_Work item_
Across the listing below, how many lines have the word "bois" in them? Provide only the number.
:: Extracted material ::
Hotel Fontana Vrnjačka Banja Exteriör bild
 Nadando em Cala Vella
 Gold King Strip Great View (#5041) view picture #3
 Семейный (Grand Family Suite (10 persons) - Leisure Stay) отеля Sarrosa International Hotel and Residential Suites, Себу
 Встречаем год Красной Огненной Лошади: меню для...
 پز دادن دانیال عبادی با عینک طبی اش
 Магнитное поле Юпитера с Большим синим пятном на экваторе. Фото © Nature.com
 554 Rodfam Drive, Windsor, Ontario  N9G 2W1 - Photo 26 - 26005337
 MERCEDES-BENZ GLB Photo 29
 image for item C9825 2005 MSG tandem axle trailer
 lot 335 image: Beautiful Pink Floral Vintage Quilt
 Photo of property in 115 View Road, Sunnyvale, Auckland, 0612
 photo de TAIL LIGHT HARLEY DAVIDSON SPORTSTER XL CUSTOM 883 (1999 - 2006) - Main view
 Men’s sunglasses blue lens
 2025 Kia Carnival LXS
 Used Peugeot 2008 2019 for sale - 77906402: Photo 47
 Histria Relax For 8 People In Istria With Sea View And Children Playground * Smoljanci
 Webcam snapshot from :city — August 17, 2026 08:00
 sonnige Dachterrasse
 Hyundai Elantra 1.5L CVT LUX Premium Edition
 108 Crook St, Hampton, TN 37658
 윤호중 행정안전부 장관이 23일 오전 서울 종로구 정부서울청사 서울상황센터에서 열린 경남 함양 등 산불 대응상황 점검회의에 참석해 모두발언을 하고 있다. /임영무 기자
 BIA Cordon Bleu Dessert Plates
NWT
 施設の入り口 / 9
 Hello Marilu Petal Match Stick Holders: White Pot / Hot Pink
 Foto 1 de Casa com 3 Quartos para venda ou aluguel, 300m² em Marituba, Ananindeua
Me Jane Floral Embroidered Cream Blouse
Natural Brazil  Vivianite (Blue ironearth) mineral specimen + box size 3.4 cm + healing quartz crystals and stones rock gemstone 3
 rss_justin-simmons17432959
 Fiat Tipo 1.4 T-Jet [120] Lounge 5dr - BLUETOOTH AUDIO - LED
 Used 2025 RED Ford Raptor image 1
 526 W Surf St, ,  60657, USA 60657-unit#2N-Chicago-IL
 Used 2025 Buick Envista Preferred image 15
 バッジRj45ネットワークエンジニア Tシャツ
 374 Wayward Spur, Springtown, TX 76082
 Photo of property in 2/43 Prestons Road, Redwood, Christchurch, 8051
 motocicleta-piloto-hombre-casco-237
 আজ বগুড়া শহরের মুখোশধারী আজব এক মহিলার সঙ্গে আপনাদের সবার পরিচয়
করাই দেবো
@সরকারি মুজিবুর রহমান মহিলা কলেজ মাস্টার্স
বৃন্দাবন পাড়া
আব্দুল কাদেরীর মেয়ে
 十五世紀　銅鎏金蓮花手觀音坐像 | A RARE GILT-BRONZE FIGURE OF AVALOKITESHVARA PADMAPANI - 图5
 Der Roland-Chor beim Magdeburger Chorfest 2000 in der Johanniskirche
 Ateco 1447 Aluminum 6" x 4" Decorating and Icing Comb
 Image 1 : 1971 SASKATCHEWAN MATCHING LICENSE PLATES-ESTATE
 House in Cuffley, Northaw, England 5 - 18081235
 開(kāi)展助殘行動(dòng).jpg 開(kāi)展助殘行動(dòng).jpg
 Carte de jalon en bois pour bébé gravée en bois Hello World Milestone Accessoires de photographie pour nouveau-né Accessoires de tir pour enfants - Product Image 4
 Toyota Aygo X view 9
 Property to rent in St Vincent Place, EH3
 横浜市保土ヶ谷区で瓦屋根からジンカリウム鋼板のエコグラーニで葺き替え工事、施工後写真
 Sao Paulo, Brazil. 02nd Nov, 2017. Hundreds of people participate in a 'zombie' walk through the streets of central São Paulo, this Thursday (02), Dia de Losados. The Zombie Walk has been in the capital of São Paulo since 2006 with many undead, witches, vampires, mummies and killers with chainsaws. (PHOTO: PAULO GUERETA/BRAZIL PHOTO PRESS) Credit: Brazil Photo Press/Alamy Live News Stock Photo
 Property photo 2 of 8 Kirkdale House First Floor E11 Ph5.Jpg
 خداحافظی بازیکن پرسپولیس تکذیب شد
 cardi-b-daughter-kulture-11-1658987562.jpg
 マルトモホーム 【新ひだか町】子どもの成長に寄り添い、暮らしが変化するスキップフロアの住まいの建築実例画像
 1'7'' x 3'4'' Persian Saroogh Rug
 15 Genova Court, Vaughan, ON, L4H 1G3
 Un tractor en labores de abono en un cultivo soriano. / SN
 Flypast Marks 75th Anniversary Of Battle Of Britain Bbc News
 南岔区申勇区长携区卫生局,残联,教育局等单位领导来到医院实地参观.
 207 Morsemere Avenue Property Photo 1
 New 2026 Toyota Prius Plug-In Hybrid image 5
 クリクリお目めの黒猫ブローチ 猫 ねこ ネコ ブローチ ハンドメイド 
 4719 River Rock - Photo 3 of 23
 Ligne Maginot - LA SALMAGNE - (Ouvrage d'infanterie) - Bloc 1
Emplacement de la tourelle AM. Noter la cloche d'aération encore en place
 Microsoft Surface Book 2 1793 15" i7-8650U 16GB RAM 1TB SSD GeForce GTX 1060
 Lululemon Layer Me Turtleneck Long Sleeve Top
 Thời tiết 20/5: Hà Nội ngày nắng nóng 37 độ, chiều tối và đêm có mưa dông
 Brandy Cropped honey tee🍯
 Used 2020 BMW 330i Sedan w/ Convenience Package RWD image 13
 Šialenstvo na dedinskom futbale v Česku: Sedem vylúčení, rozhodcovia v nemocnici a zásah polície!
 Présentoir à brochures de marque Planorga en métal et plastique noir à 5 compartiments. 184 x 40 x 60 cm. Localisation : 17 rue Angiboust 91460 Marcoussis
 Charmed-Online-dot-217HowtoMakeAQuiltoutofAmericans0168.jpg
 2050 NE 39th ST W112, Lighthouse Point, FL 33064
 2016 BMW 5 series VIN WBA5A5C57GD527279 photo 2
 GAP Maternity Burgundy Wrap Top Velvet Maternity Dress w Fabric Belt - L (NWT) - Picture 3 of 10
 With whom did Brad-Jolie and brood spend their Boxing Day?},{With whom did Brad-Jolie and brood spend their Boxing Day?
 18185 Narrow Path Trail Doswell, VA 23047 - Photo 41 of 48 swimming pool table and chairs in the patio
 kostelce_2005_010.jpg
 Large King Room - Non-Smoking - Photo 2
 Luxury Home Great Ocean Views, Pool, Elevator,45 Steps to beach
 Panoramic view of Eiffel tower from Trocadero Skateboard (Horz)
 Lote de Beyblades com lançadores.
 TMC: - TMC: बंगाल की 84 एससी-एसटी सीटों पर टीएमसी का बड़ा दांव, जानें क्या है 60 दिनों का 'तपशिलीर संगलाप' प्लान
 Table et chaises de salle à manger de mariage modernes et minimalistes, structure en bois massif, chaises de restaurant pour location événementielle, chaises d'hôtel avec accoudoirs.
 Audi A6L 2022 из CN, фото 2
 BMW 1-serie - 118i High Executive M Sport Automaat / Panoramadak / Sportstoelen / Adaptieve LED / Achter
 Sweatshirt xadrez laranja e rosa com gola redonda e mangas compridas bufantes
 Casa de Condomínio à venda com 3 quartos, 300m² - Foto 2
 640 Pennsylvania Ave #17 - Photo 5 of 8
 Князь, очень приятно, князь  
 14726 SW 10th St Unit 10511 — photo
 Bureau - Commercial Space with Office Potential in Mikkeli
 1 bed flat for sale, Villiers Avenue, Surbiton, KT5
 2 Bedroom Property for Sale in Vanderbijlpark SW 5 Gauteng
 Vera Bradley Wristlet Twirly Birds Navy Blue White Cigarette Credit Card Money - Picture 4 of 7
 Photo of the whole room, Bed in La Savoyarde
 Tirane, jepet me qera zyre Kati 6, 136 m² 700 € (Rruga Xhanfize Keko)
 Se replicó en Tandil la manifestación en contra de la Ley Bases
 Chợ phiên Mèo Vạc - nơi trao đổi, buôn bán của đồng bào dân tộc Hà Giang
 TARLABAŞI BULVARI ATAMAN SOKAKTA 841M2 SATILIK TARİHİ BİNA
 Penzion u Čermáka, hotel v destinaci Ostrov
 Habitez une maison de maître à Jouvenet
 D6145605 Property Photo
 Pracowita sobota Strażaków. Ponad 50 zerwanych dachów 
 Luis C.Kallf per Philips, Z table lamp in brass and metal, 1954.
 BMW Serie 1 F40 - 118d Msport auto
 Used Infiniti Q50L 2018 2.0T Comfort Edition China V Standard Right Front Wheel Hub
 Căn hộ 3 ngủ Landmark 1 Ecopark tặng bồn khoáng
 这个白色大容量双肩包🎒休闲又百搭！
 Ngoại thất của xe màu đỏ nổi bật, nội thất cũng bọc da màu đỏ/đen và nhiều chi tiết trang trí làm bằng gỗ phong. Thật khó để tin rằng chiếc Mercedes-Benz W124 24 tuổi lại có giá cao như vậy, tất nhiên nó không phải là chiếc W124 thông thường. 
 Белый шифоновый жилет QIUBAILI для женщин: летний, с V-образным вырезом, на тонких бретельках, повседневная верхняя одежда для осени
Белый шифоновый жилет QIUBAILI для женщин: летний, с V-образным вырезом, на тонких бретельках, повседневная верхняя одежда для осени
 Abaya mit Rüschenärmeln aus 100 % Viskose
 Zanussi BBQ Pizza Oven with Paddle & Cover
:::
_Result_
2